Mustafa Yetişir
10/Jan/2023

Lucas Kanade optical flow algorithm.

In [28]:
import cv2
import numpy as np


def video_to_numpy(path: str) -> np.ndarray:
    """ Convert the video frames into a numpy array

    Args:
        path (str): path of the video

    Returns:
        np.ndarray: 3D numpy array of shape (T, H, W)
    """
    cap = cv2.VideoCapture(path)

    frameWidth = int(cap.get(cv2.CAP_PROP_FRAME_WIDTH))
    frameHeight = int(cap.get(cv2.CAP_PROP_FRAME_HEIGHT))
    frames = []

    ret, frame = cap.read()
    while ret:
        grayFrame = cv2.cvtColor(frame, cv2.COLOR_BGR2GRAY)
        img_arr = grayFrame[::3, ::3]
        frames.append(img_arr)
        ret, frame = cap.read()

    return np.stack(frames).astype(np.uint8)


In [None]:
from typing import Tuple
import numpy as np

from previous_homework import sobel_horizontal, sobel_vertical, gaussian_filter


WINDOW_SIZE = 3  # Determine a value
THRESHOLD = 0.8 # Determine a value

image_sequence = video_to_numpy("video.mp4")
u_sequence = np.zeros(image_sequence.shape, dtype=np.float32)
v_sequence = np.zeros(image_sequence.shape, dtype=np.float32)

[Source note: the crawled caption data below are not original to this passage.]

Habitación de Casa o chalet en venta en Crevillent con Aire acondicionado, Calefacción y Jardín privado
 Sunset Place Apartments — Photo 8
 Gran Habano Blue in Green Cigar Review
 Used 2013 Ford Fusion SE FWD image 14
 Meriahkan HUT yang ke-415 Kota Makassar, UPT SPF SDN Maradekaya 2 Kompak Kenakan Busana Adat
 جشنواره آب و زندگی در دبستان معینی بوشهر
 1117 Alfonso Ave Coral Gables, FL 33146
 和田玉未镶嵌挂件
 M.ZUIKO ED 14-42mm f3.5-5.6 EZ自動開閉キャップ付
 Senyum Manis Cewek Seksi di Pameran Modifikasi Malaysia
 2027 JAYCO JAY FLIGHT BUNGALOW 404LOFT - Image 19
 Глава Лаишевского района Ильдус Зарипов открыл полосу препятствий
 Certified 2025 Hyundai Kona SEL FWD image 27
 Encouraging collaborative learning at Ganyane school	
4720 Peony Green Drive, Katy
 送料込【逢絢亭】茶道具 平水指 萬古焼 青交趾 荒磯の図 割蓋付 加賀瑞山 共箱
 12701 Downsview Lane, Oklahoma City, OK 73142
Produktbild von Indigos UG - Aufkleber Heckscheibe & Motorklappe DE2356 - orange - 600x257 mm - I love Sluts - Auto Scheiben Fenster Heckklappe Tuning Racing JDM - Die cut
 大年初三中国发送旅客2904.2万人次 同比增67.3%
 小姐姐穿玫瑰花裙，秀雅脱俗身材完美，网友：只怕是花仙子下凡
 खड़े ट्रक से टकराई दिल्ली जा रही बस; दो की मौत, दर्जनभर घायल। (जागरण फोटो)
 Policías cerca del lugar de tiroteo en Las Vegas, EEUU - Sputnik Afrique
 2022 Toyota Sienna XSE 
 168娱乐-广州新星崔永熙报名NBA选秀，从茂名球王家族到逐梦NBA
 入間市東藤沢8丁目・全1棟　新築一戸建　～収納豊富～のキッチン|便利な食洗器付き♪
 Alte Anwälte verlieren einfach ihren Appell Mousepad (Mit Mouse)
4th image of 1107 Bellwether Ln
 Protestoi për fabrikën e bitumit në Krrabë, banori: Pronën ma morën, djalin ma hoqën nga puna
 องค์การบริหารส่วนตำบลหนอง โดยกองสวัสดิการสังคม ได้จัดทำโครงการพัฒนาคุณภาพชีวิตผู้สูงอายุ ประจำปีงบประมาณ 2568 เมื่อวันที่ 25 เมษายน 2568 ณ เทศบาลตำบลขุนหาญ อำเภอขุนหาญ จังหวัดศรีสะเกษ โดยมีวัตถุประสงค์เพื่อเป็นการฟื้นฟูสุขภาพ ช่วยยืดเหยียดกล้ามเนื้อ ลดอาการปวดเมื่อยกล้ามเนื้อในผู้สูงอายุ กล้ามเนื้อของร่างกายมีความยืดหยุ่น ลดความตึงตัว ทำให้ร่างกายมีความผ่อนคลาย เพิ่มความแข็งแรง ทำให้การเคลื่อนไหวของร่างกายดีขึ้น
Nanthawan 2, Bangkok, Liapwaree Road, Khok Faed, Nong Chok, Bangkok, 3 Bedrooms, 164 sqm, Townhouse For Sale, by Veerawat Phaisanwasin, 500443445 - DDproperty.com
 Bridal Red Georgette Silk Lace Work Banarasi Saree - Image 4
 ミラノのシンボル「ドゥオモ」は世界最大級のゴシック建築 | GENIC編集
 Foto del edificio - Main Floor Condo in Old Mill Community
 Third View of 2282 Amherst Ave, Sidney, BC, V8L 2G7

def derivatives(img: np.ndarray, next_img: np.ndarray) -> Tuple[np.ndarray, np.ndarray, np.ndarray]:
    """ Calculate derivative images.

    Args:
        img (np.ndarray): 2D gray video frame of shape (H, W)
        next_img (np.ndarray): 2D next gray video frame of shape (H, W)

    Returns:
        Tuple[np.ndarray, np.ndarray, np.ndarray]:
            - x derivative I_x of shape (H, W)
            - y derivative I_y of shape (H, W)
            - temporal derivative I_t of shape (H, W)
    """
    #we are calculating derivatives by using sobel operators we created for previous homeworks
    x_derivative = sobel_horizontal(img)
    y_derivative = sobel_vertical(img)
    #calculating time derivative by making the subtraction below 
    time_derivative = next_img - img
    mytuple = (x_derivative,y_derivative,time_derivative)
    #return the tuple that has derivatives
    return mytuple 


def lucas_kanade(x_derivative: np.ndarray,
                 y_derivative: np.ndarray,
                 time_derivative: np.ndarray,
                 window_size: int,
                 threshold: float
                 ) -> np.ndarray:
    """ Lucas Kanade optical flow for single frame transition

    Args:
        x_derivative (np.ndarray): x derivative I_x of shape (H, W)
        y_derivative (np.ndarray): y derivative I_y of shape (H, W)
        time_derivative (np.ndarray): temporal derivative I_t of shape (H, W)
        window_size (int): Window size of W_p (square windows)
        threshold (float): Eigen value threshold of the covariance matrix A^T A 

    Returns:
        np.ndarray: flow matrix of shape (H, W, 2) containing x and y flows.
    """

    flow = np.zeros((x_derivative.shape[0], x_derivative.shape[1], 2))
    #we are creating step variables so that in the for loops we don't need to think about window going outside 
    step_x_horizontal = x_derivative.shape[0] - window_size + 1
    step_x_vertical = x_derivative.shape[1] - window_size + 1

    for i in range(step_x_horizontal):
        for j in range(step_x_vertical):
            sub_x = x_derivative[i:i+window_size, j:j+window_size].flatten()
            sub_y = y_derivative[i:i+window_size, j:j+window_size].flatten()
            sub_t = time_derivative[i:i+window_size, j:j+window_size].flatten()
            #calculating x, y and time derivatives inside the window by using window_size and derivative inputs 
            A = np.stack([sub_x, sub_y], axis=1)
            eigen_values, _ = np.linalg.eig(A.T @ A) 
            # we are calculating the eigenvalues in order to check later if we will think about related point for flow or not

            if np.max(eigen_values) < threshold:#if eigenvalues are not proper for checking flow, continue
                continue

            flow[i, j] = np.linalg.pinv(A.T @ A) @ A.T @ sub_t
            # u = (A^T * A)^-1 * A^T * B     where A contains spatial derivatives and B contains time derivatives 

    return flow


for index in range(len(image_sequence) - 1):

    x_derivative, y_derivative, time_derivative = derivatives(
        image_sequence[index], image_sequence[index + 1])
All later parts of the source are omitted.